When someone you love is injured or threatened, you do whatever it takes to ensure their safety or help them out … right?! My husband recently illustrated this concept when one of our dogs (a German Shepherd no less, not a small dog!) was accidentally knocked into our backyard swimming pool. She could swim, but couldn’t successfully get up onto the ledge to then climb out.
He was standing at the back door at 5:30 a.m., and saw our male dog accidentally knock her into the pool during a barking frenzy. When he witnessed her inability to climb out, he felt like he had no choice but to jump in and help her navigate the steps to reach safety.
In the workplace our need to rescue someone or something (like a project) may not be as dramatic as diving into a swimming pool fully clothed. However, when you feel responsible for someone else’s work, or for delivering to a certain deadline, many people will do (almost) whatever it takes to ensure success.
The flipside to the “success at all costs” approach, however, is very real. Consider these benefits of not succeeding 100% of the time:
- Some of the most powerful learnings come from failure. The most successful leaders can tell you of the time(s) they failed on the job, what they learned from the experience, and how they applied those learnings to ultimately improve their performance.
- A “bad boss” can teach you the most. When you can look at the situation rationally, you will find some of your favorite management practices evolve from working under bosses you decide you do NOT want to emulate. These lessons stick with you for life.
- We all need the coping skills that come from a lack of success. Not every performance review will contain stellar ratings. Not every project will “hit a home run”. Each person, over time, has to develop ways to accept constructive criticism.
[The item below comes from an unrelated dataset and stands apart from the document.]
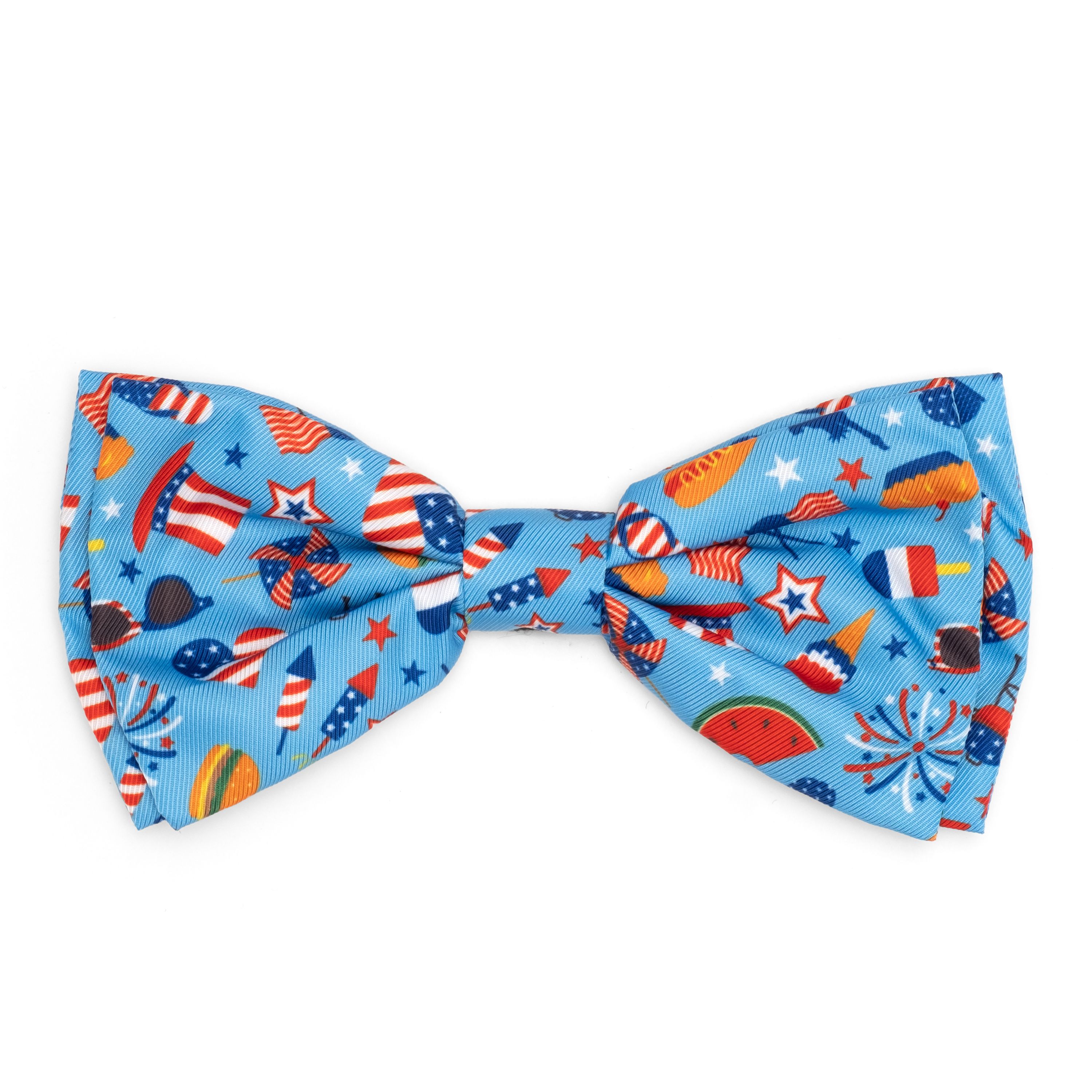 independence-day-dog-bow-tie copy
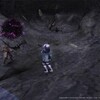 青魔マスターレベル40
So to be clear, I’m not suggesting you consistently let your projects fail, or that you repeatedly miss deadlines. But I do recommend taking a conscientious approach to developing your people so they can learn the most from their experiences.
- Don’t solve every problem for them. Which situations are low risk enough that they can have a developmental experience without negatively impacting their career and/or your business results too much?
- Don’t shelter them from every tough conversation. Often good managers buffer their people from conflict, but other times your team members need to hear the tough stuff firsthand.
- Do give them the chance to learn on the job, and apply their skills. Sometimes they will get it right the first time, and sometimes they won’t. That’s ok, and that’s how they learn.
- Do give them candid, frequent feedback so they can apply it in a timely manner. If you wait until the next performance review cycle, it’s too late to have the intended positive impact.
If a person on your team, or your project is truly drowning (like my dog stuck in the swimming pool!), you may need to dive in and actually save them. Only you can accurately assess the difference. What great example of a rescue, or a growth experience, will you share in the comments below?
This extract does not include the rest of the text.